What we have had is a semi free market distorted by whatever advantage could be bought from the Congress. (By the way, one of my favorite jokes is: If pro is the opposite of con, what is the opposite of progress?) Let’s look at a one industry example.

We had the most magnificent transportation system the world had ever seen for both passenger and freight (and mail). What did we do? We came very, very near to regulating it death. The remnants of this system are still the backbone that allows all our other systems of commerce, particularly steel and electricity to function. What am I talking about here? The American Railroad network.

During the First World War the government actually took over the railroads and ran them into the ground (and only paid for a fraction of the damage they did.) World War Two was a little better but not by much. Especially after the looting of the ’30s.

In the late ’40s and ’50s there was enough vitality remaining to help rebuild Europe’s railroads, but the depredations continued. Forbidden by law from being allowed to innovate, forbidden to make a reasonable profit they just kind of held on.

Because of the way the bidding was done the railroad never made a profit on the carrying the mail. By the way, when I was young you could mail a letter at 3:00 pm in New York and it would be delivered in Chicago by 10:30 am the next day, Try that now. FedEx didn’t exist, because the market was covered.

And for that matter, if you ordered your new piano from New York it would arrive shortly in say Moorefield, Nebraska, no problem, take your wagon down to station and pick it up. Now you know how Sears and Montgomery Ward (and for that matter, Chicago, itself) got so big in the 19th century. It was the railroad, and the continent sized common market they created. By the way, you, yourself could take that trip too. Almost any trip over about 15 miles was done by train.

Since we have mentioned Moorefield, let’s talk about it a little more. The last time I was down there it had about 50 or so inhabitants, and one business. That business is a grain elevator owned by a farm coop.

Its serves as a collection/sale point for the local farmers and ships their grain to the far corners of the world. It does this in trainload lots. Some of those mile to mile and a half long trains of covered hoppers you are waiting for today may well have come from tiny little Moorefield, that doesn’t even have a gas station, let alone a grocery store.

Now multiply that by one of these elevators placed every ten miles from roughly the center of Nebraska to Eastern Ohio and from North Dakota to Texas. That is the miracle of American agriculture. There is nothing in the world, and never has been, to compare with it.

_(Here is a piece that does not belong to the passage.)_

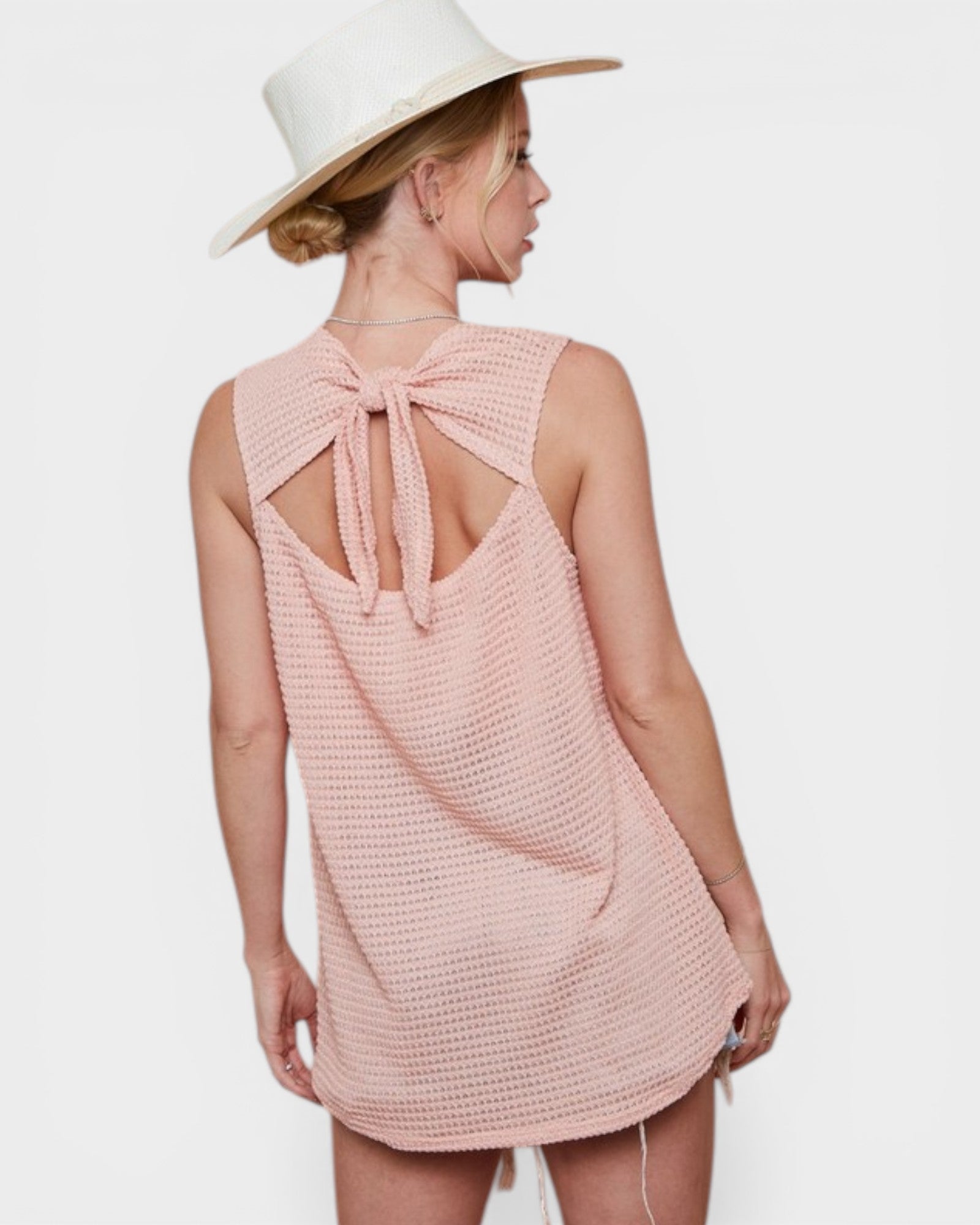 Woman wearing a pink sleeveless dress with a bow detail on a white background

How did we get here? When Kentucky and Tennessee were settled in the early years of the 19th Century, and somewhat before, the first settlers were hunters, followed closely by farmers. As soon as somebody could get a mill working (for profit, oh the horror) they would grow wheat. They seemed to like bread. There is a letter written home to Russia from the American midwest in the late 19th century that states, “and we eat wheaten bread, every day.” You see, in Russia, indeed most of Europe, wheat bread was so expensive that it was only for holidays.

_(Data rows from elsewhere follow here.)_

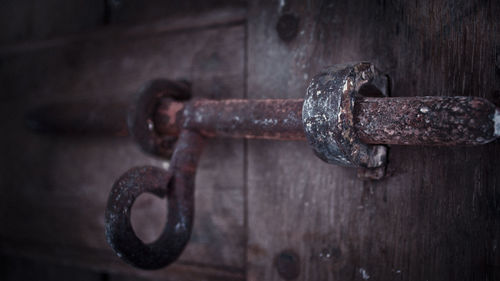 Close-up of rusty padlock on metal door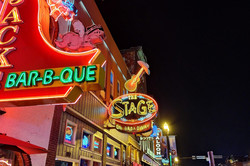 Nashville Hier sieht man eine beleuchtete Straße voller Bars und Neonschilder.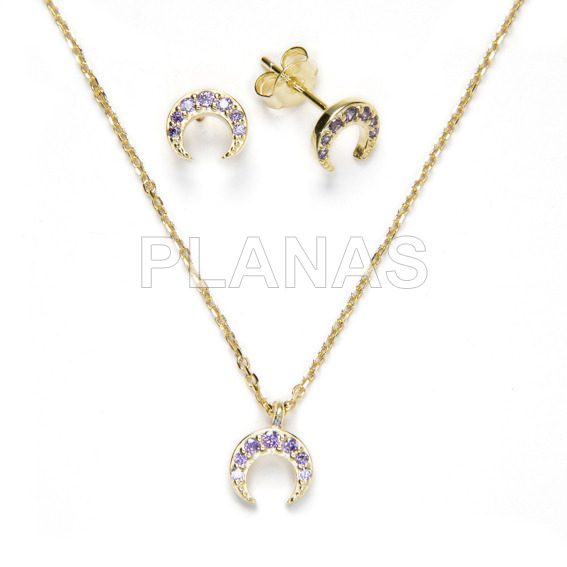 Set in sterling silver and gold bath with zircons tanzanite inverted moon.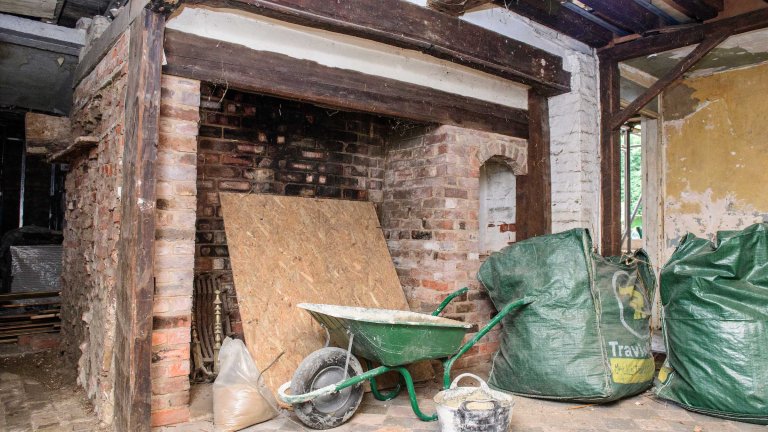 An image of the fireplace inside the Old Kings Head during renovation work.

Soon though they were growing that all American crop; corn. They did well with it too, with astounding (for the day) yields. They had far more than they could use and they were broke.

What to do? Of course what they did was call their Congressman and lobby for a subsidy to not grow corn, that’s the right answer.

What, you don’t believe those tough old Scots-Irish who would become the backbone of America got subsidies? Well, you’re right. They did have a problem though, if you know anything about handling grain (or flour), you know that packing it in a burlap bag and shipping it in a leaky wooden boat isn’t going to work.

What to do? What to do?

Two things actually. One is raise hogs. Ohio, southern Indiana, and Kentucky corn made Cincinnati the pork capital of the world, for a while. Porkopolis, they called it. The second is to make whiskey, which can easily be described as concentrated corn. Now you know why the American Whiskeys such as Bourbon come from Kentucky and Tennessee. Keeps you warm on cold nights, too.

This is one of the stories about the westward migration you don’t hear much about. Farmers going broke because it cost more to ship the crop to market than it was worth. This happened all the way to the Mississippi River before the Civil War. This is also why states like North Dakota and Nebraska and a bunch of the others, even Texas to a large extent were the highway, very few stopped to settle.

They could tell that the prairie was fertile, and it was obviously going to be easier to till ( assuming the steel plow) than working around the trees of the old Northwest. But it was, and still is to some extent, lonely. (Read your Willa Cather.) That has a lot to do with how middle America has remained so individualistic, compared to city folk. And you couldn’t possibly float a crop down the Platte River, then or now.

It took the railroad, with its unequaled capacity to carry high bulk, low value commodities to make this land productive. And it is a miracle of the ages, the way America produces food stock and move it to market.

Railroad are funny creatures though, they cost a lot to build, particularly since they had to purchase their own right of way, unlike highways and pay property taxes. To break even on a railroad, you need a certain amount of traffic, which depends on a bunch of factors. The weird thing is though; you can expand your traffic, within reason, above this point and make a bunch of money, without raising your costs much, but if you go below the break even point, your costs don’t decrease significantly. This is called a high fixed cost business. The way we regulated railroads had nothing to do with this, of course, we mostly insisted that the railroad maintain every mile of road they had ever built, and pay the men whatever they wanted, whether it had any traffic at all or not.

The automobile became the curse of the railroad. In the beginning the railroads  helped. The Pennsylvania Railroad was one of the sponsors of the good road movement, which had a lot to do with the Lincoln Highway. The Pennsy also owned a pretty good chunk of Greyhound. Their thinking was that for short-haul, farm to market, or local delivery the motor vehicle would fit very nicely into the existing transportation system.

They were right, it would have, and did for a while. Where it bit them in the backside was, the government still wouldn’t let them abandon track, and motor vehicles (and) roads improved to the point where long distance travel was fun, and trucking was feasible .

They made the same mistake with airlines incidentally.

But the real problem was that roads were subsidized by the taxpayer, as were airlines. You really didn’t think that your gas price, or for that matter your airline ticket, actually paid for all the expenses they generated, did you? No, they don’t. The railroad is the most efficient transportation system ever invented.

I hope you realize that I am not referring to government sponsored and subsidized so-called high-speed rail. If it was such a good idea, it wouldn’t need government money. Another name for it is pork. Oink.

So there is a short story of one industry that started in the free market and was almost killed, in some ways, it actually was, by overbearing regulation.

Maybe we should try the free market, before we condemn it so thoroughly.